I was 33 and a ‘ratbag’. My conduct was somewhat questionable. I decided to start my own business, but, sadly, it didn’t turn out well and I risked (along with my wife Naava) losing a lot of money. It could have been worse, as we were faced with losing the house as well.
But somehow God was there to prevent this happening, as all this was taking place in the beginning of our relationship with him. I had a strong feeling back then that things were going to change, that a new beginning was taking place. As to the future there was only this silent, secure resonance deep within me that all would be okay as long as I followed Jesus.
I had a past that had to be let go, friendships that had to dissolve and habits that had to be removed, all had to be replaced with only that which God wanted for me. Many questions came to my mind. What is it that God requires of me? What am I to do now I realise that all I had once been and done was not God’s will for my life?
In faith I talked to my church leaders and discussed with my Naava our future together, including officership, our calling and God in it all.
Two of my biggest hurdles were my age and my academic record. I was approaching 38 and had left school at 15 to work in the commercial fishing industry. I remember asking one of my high school English teachers, ‘Why should I learn how to write essays? I won’t need to do this to catch fish.’
Adjusting to life at The Salvation Army Training College was tough, but I was determined to do my best. While accepting that it was not going to be easy, I set myself the goal of getting a pass on my subjects. Thankfully, I had excellent teachers and college mates who encouraged me. I believe it was God who got me through and put these people in place to help me.
Challenges in ministry come from the most unexpected places. Some situations arise just when you seem to be at your busiest. Three years in a row I had a corps (church) member or a relative of a corps member decide that was the time for them to go back to God, all within the week of the Red Shield Appeal.

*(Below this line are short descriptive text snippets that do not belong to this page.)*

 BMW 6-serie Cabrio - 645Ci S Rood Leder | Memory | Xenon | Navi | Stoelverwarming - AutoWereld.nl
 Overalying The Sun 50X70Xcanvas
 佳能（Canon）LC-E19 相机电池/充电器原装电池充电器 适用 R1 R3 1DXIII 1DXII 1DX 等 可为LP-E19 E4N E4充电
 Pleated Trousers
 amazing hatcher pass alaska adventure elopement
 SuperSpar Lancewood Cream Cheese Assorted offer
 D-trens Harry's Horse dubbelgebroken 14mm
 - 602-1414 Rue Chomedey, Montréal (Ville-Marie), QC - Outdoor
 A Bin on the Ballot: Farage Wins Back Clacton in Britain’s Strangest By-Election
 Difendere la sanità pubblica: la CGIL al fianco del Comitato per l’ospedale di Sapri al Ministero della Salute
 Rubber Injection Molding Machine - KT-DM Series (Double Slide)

As to the future, I just seek that ever-constant reassurance that I am doing God’s will through—believe it or not—words and photos. I know I have to develop my administrative skills and rediscover that passion for deep, personal prayer. But the highs and the lows—or should I say the mountains and the valleys—are part of journey we all take with God;
More than 14 years have passed since my call to officership, and I’d encourage anyone considering their own call. It’s all about faith and commitment. Jesus is faithful, Jesus is committed. If there is a call on your life, no matter what you leave behind, it will never come close to that which God has in store for you.
*Cymon writes monthly for Warcry on photography. A collection of his images has been published in a devotional book, Vision, by Salvo Publishing.